Dataset records »
*** Block opens ***

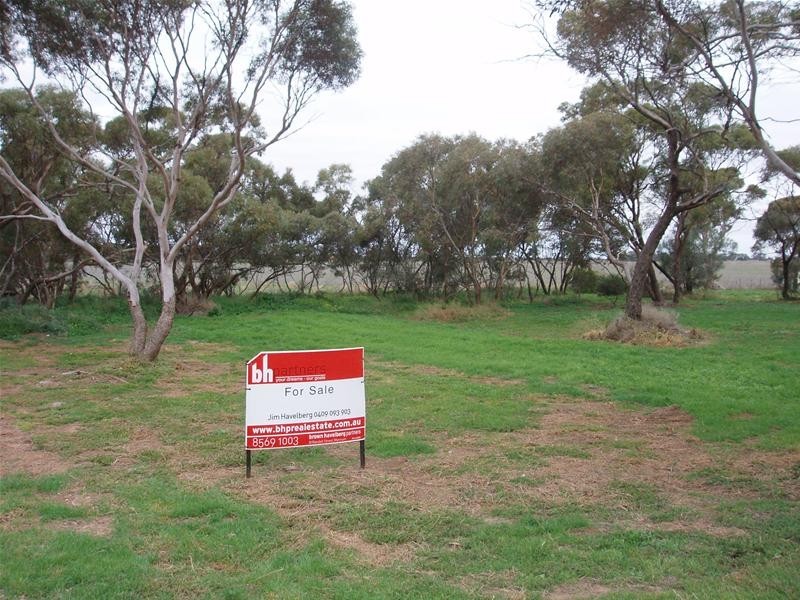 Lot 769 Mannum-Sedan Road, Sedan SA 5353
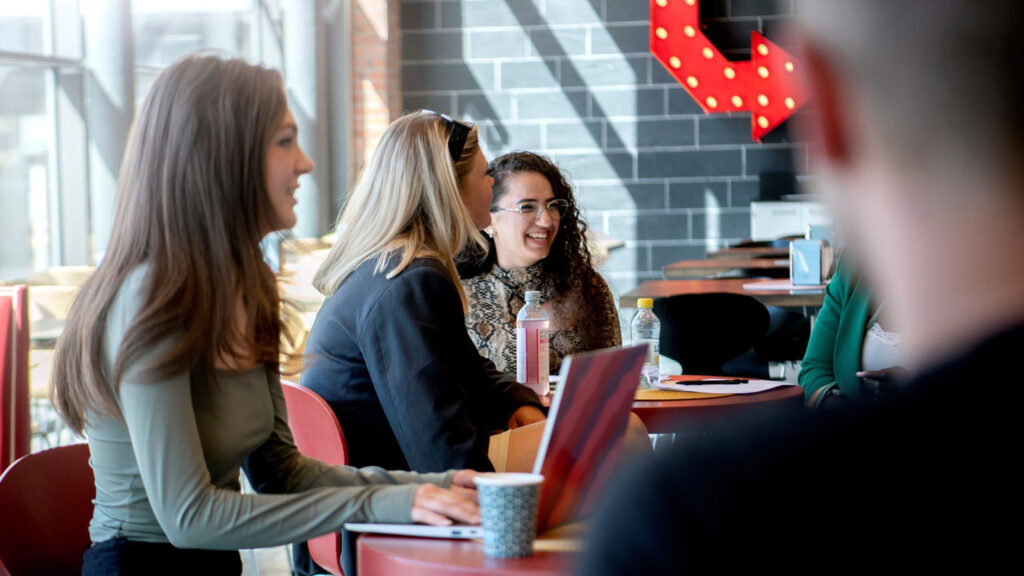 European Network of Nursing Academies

*** Block closes ***
*** Block opens ***

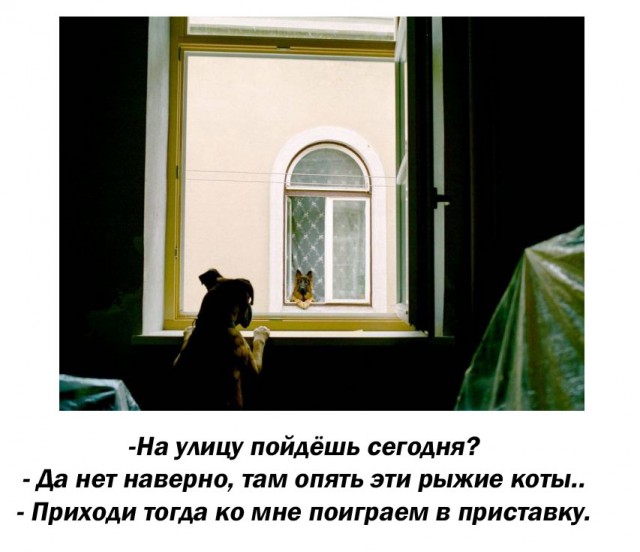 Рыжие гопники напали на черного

*** Block closes ***
*** Block opens ***

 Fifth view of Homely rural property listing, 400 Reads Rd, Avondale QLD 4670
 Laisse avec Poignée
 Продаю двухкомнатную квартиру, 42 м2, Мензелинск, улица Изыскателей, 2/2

*** Block closes ***

Give again exactly, and only, the lines above starting at the one with "Fifth view of" and ending at the one with "Продаю двухкомнатную квартиру, 42".

 Fifth view of Homely rural property listing, 400 Reads Rd, Avondale QLD 4670
 Laisse avec Poignée
 Продаю двухкомнатную квартиру, 42 м2, Мензелинск, улица Изыскателей, 2/2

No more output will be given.